> [What to work on] Collect each line of the records containing the string "Almond".
(Data to examine Opens)
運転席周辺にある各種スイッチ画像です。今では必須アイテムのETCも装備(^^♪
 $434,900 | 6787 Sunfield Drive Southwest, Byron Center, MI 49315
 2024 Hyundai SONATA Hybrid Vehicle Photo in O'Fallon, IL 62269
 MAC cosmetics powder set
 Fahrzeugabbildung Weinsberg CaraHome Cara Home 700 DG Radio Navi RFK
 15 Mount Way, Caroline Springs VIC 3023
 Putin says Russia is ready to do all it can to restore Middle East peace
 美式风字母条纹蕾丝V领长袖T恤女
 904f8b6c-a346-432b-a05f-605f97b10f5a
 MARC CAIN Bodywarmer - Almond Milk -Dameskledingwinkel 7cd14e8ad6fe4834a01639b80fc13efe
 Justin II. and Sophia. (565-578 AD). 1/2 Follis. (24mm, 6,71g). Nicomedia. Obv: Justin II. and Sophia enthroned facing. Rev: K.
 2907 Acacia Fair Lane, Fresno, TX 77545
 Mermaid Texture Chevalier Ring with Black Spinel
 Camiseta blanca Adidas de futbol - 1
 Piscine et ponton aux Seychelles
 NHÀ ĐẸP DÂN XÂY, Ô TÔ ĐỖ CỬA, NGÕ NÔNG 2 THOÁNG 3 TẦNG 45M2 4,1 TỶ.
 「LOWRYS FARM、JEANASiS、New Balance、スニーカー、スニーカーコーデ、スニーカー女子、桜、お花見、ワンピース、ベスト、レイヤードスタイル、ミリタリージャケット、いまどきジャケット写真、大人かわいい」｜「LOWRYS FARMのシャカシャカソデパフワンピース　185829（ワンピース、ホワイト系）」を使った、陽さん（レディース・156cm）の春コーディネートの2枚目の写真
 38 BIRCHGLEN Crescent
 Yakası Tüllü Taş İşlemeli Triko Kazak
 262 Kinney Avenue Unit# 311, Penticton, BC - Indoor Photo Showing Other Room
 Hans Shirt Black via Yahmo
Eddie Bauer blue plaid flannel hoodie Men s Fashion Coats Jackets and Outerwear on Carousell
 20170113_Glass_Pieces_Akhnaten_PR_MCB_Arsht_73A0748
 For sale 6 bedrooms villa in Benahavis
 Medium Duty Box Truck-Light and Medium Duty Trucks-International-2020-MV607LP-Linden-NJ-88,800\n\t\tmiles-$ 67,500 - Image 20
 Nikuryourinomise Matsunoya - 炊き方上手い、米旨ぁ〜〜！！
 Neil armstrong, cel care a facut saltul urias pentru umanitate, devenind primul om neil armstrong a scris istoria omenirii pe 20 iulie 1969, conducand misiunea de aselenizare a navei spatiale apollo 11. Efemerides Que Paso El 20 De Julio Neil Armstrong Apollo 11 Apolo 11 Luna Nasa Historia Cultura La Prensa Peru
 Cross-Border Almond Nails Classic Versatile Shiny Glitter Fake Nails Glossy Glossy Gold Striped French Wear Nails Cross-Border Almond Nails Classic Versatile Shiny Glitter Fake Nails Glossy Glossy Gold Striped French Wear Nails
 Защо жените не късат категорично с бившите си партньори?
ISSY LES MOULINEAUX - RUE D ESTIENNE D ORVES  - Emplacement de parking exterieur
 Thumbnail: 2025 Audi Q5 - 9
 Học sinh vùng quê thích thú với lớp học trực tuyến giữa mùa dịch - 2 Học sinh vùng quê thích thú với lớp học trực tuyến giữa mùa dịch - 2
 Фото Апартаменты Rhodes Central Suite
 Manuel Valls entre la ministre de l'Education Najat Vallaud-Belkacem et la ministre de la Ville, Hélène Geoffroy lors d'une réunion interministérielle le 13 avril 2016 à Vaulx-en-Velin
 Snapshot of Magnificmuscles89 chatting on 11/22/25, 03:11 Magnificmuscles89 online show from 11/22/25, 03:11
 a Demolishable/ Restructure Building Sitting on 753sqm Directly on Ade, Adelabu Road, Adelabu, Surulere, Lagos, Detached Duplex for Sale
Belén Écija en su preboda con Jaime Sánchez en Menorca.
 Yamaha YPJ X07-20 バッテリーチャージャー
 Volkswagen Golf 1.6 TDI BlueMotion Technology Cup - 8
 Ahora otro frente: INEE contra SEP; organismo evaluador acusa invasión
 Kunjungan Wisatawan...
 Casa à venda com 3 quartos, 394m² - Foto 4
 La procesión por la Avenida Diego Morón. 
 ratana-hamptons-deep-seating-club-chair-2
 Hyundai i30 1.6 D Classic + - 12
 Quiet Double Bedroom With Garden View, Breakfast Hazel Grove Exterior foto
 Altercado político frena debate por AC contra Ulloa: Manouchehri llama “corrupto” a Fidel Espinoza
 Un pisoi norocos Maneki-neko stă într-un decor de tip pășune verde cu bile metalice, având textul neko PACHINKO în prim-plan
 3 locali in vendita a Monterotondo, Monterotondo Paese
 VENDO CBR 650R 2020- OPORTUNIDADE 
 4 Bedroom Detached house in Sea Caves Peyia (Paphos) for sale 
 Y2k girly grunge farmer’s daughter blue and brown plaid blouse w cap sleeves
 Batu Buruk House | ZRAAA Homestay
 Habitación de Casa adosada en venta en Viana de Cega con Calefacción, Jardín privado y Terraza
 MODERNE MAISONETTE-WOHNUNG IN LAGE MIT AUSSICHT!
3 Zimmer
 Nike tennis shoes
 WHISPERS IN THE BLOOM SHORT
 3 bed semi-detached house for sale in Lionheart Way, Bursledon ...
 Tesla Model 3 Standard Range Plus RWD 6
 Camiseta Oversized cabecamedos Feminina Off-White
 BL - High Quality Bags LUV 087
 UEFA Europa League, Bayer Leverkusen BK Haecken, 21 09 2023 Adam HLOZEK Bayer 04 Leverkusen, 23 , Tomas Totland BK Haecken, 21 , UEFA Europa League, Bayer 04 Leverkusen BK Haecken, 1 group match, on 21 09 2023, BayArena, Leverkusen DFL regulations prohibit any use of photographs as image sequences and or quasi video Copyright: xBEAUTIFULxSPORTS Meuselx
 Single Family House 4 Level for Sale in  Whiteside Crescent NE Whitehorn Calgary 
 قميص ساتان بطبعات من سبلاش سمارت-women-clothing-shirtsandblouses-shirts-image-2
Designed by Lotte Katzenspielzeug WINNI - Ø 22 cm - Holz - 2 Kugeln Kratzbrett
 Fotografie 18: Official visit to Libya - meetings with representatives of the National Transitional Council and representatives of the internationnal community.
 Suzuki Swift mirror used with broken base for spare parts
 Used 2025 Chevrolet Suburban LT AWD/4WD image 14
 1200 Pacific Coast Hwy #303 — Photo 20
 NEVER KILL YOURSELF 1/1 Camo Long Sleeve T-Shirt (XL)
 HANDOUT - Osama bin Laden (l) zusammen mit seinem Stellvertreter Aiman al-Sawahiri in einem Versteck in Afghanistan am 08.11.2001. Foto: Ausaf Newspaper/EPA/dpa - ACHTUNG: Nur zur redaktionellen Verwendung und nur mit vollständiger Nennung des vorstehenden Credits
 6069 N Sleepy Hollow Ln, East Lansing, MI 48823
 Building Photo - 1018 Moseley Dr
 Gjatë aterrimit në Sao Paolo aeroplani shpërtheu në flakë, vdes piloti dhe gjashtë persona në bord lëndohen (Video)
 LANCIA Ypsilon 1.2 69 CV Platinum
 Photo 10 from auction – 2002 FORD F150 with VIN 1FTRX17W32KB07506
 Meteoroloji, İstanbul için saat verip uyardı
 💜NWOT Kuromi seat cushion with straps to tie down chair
(Data to examine Closes)
> [Solution for this exercise]
 MARC CAIN Bodywarmer - Almond Milk -Dameskledingwinkel 7cd14e8ad6fe4834a01639b80fc13efe
 Cross-Border Almond Nails Classic Versatile Shiny Glitter Fake Nails Glossy Glossy Gold Striped French Wear Nails Cross-Border Almond Nails Classic Versatile Shiny Glitter Fake Nails Glossy Glossy Gold Striped French Wear Nails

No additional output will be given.